BEIJING – China on Wednesday said it, too, has places that Japanese political leaders should visit to pay tribute to war victims, in response to Prime Minister Shinzo Abe’s plan to go to Pearl Harbor for that purpose later this month.
“If Japan wants to deeply reflect upon (its wartime actions) and genuinely apologize (for them)… China has many places where they can visit and ponder on the past,” Foreign Ministry spokesman Lu Kang told a press briefing, citing the Memorial Hall of the Victims in the Nanking Massacre as one of them.
“Just as American people do not forget the Pearl Harbor incident, Chinese people also cannot forget … our compatriots who died in the massacre in Nanjing,” he said.
China will hold an annual ceremony next Tuesday for victims of the 1937 massacre committed by the Imperial Japanese Army in what is now the city of Nanjing.
Lu said that other Asian countries also have similar historically significant places and urged that Japanese wartime actions not be forgotten.
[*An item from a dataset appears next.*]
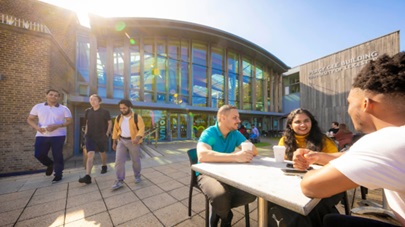 Group of students sat outside the students union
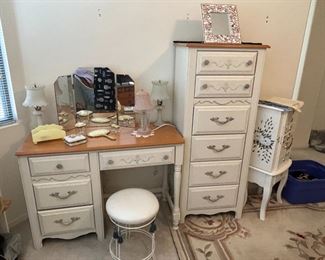 We have a charming vanity with stool, a lingerie chest and a jewelry box.  Check out the corner showing the carved wool room size Chinese rug.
His remarks were China’s first official response to Abe’s announcement on Monday that he will visit the site of the Japanese surprise attack on Dec. 7, 1941, that drew the United States into World War II.
Abe will become the first Japanese leader to pay tribute at the USS Arizona Memorial, dedicated to the 1,177 sailors and Marines on board the battleship who died when it was sunk by Japanese bombers.
His trip to Hawaii on Dec. 26 and 27 comes after Barack Obama in May became the first serving U.S. president to visit Hiroshima, which the United States attacked with an atomic bomb on Aug. 6, 1945.
Japanese government officials have said the visit by Abe, who will join the outgoing U.S. president at Pearl Harbor, is not aimed at offering apologies, but remembering the victims of the attack 75 years ago.
Lu said China and the international community are closely watching if Japan can “correctly understand” its militaristic past.